### [Exercise requirements]
In the records that follow, the lines from the one containing "242 W Meadowland" to the one containing "RAY LEE JR 4TH SUB DIV - Residential", inclusive, are to be given again exactly.

### [The records]
□ □ □ □ □

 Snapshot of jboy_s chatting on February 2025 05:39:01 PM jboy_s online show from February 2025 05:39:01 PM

□ □ □ □ □

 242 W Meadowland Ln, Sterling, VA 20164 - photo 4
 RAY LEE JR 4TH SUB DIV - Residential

□ □ □ □ □

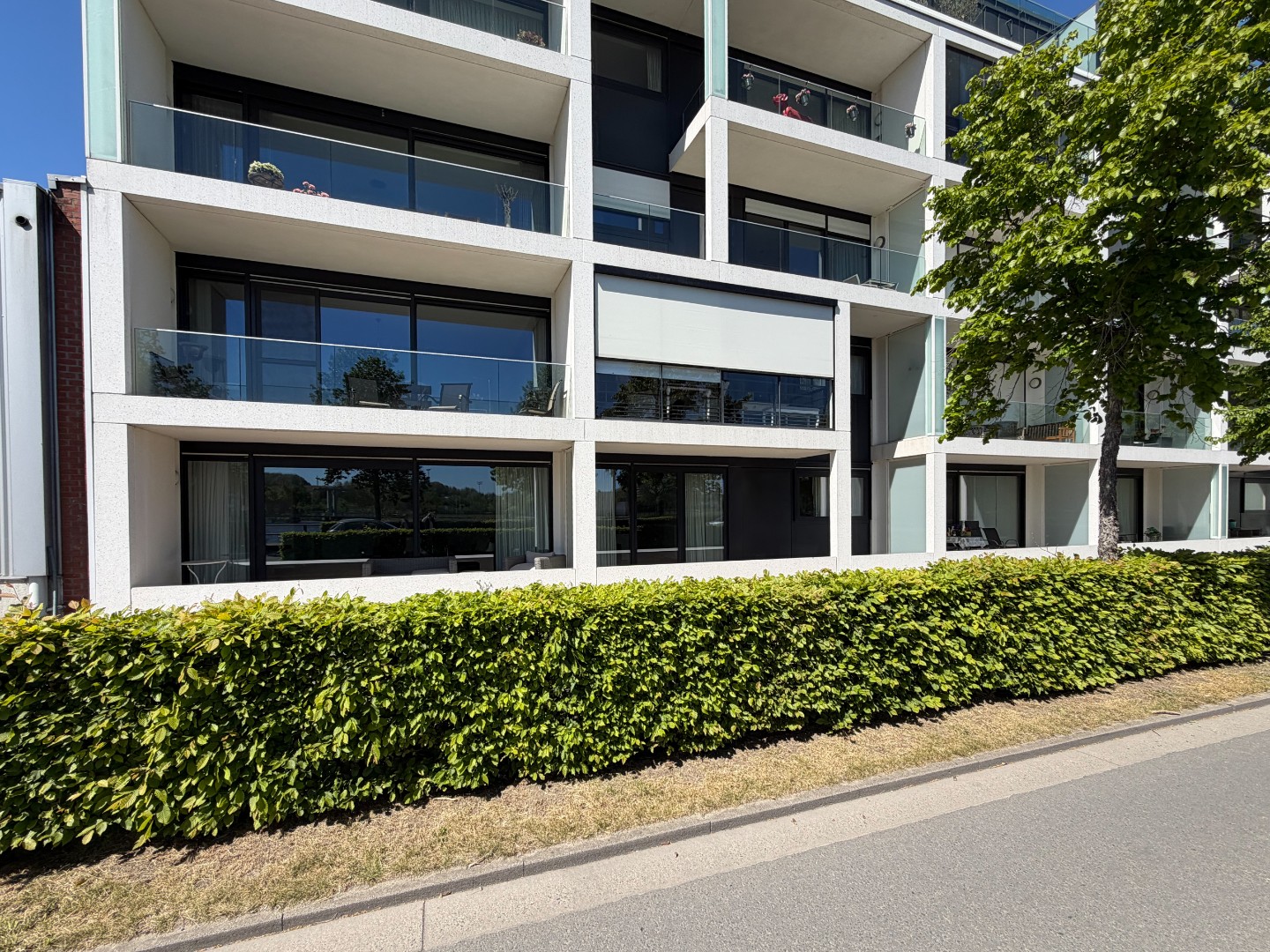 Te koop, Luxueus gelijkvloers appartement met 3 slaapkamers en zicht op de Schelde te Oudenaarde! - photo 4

□ □ □ □ □

### [Output of the exercise]
 242 W Meadowland Ln, Sterling, VA 20164 - photo 4
 RAY LEE JR 4TH SUB DIV - Residential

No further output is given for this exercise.